Cucchiani elogia la Bce e sdrammatizza su Atene

«Credo ci siano fattori importanti, solidi. Spero che questa possa essere una tendenza strutturale». Cosi Enrico Cucchiani, consigliere delegato di Intesa Sanpaolo, sull`attuale trend di riduzione dello spread tra Btp e Bund.

«C`è un fattore innanzitutto di credibilità» recuperata, il nostro Governo e in particolare Mario Monti sta facendo un`opera straordinaria non solo in Europa ma anche in Usa - ha aggiunto -. Poi c`è stato l`intervento della Bce che ha dimostrato una capacità «di presidiare i fenomeni ridando fiducia ai mercati togliendo il tema della liquidità. In sostanza sta diventando una banca centrale a tutti gli effetti». Riguardo l`utilizzo della liquidità, il consigliere delegato ha precisato: «Non è raccolta aggiuntiva che va integralmente a sostegno del debito, perchè si sono prosciugati i canali alternativi di raccolta. Una parte di questa liquidità ci consentirà di abbassare o non incrementare, come altrimenti sarebbe stato necessario, il costo di finanziamento per le imprese. Un`altra parte sarà destinata al sostegno del debito pubblico».
«Il pericolo greco è comunque relativamente circoscritto e l`andamento è scontato dai mercati». Così Cucchiani ha risposto a chi gli chiedeva dei timori sul possibile default di Atene. «Se la Grecia rappresenta un pericolo per l`euro? Credo solo un fastidio», ha aggiunto.

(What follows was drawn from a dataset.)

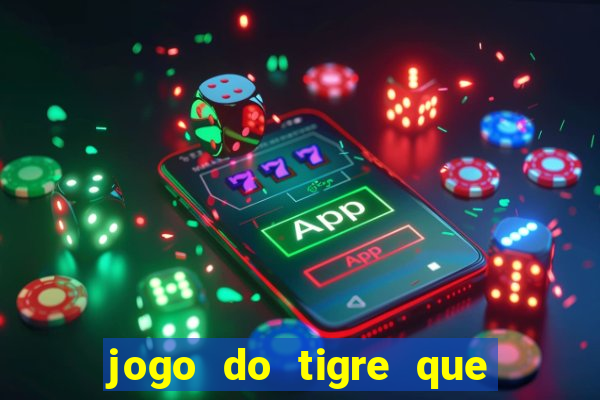 jogo do tigre que ganha dinheiro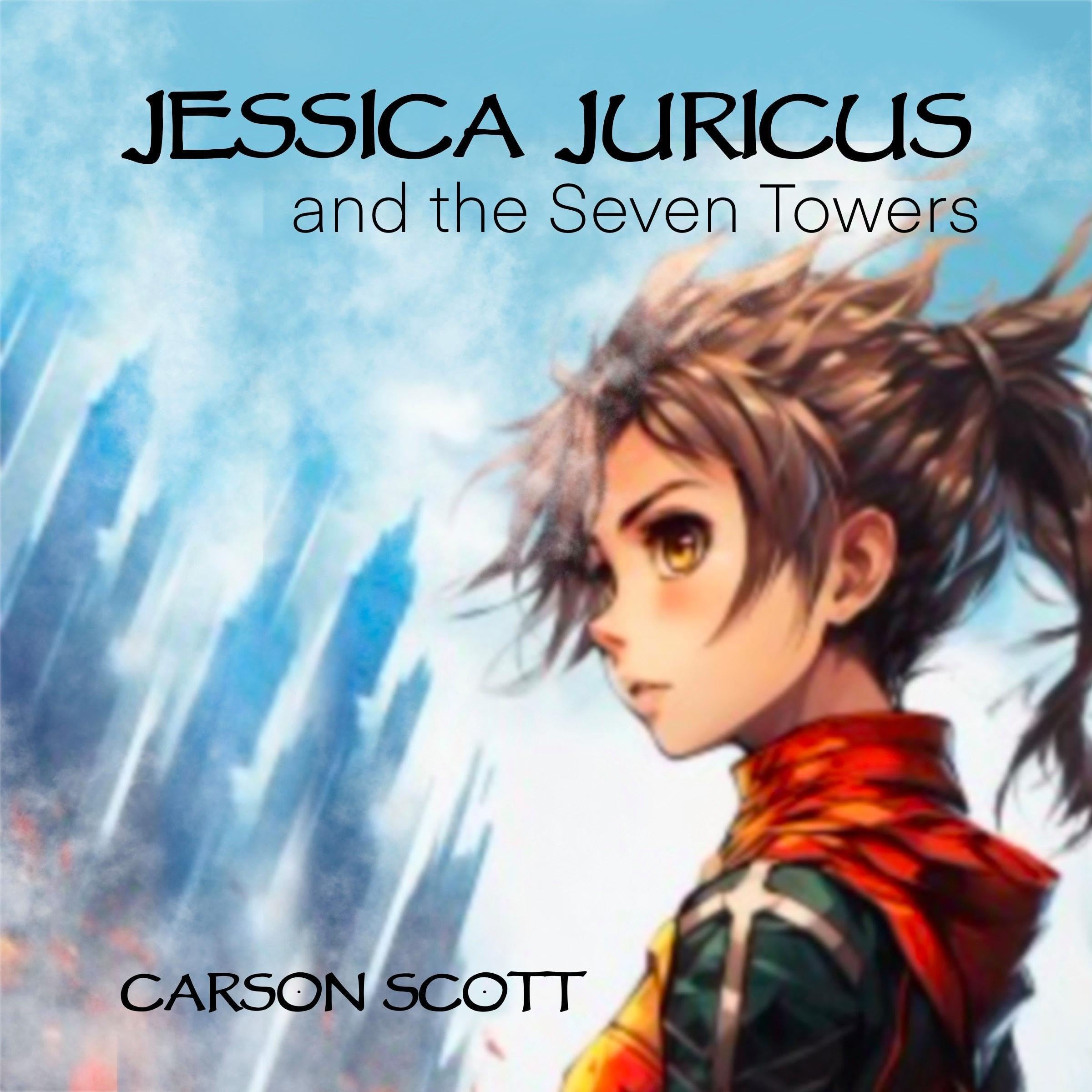 Jessca Juricuss and the Seven Towers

Riguardo invece la situazione del nostro Paese, il numero uno di Intesa Sanpaolo ha sottolineato che «le persone che rappresentano l`Italia sono parte della soluzione globale e la loro leadership tecnica intellettuale e politica ha un peso molto rilevante». Secondo Cucchiani, «l`Italia deve ancora risolvere molti problemi strutturali ma, per noi, è molto positivo quello che hanno recepito i mercati e gli altri Paesi, cioe» un progresso concreto fatto con le varie misure varate da questo Governo».
Interpellato invece sui nuovi parametri patrimoniali richiesti dall`Eba, Enrico Cucchiani ha risposto: «I gruppi bancari europei hanno superato il problema più insidioso, che è quello della liquidità», grazie alla Bce, però «il sistema bancario sta attraversando un periodo difficile perchè deve affrontare contemporaneamente vari problemi». Tra i problemi, l`Ad ha così citato «il tema dell`innalzamento del capitale minimo richiesto, il deleveraging, il costo del capitale che è notevolmente aumentato e infine il nodo della qualita« del credito che in Europa e in Italia si sta deteriorando».
Nessun commento sull`addio dell`Ad di Alitalia Rocco Sabelli.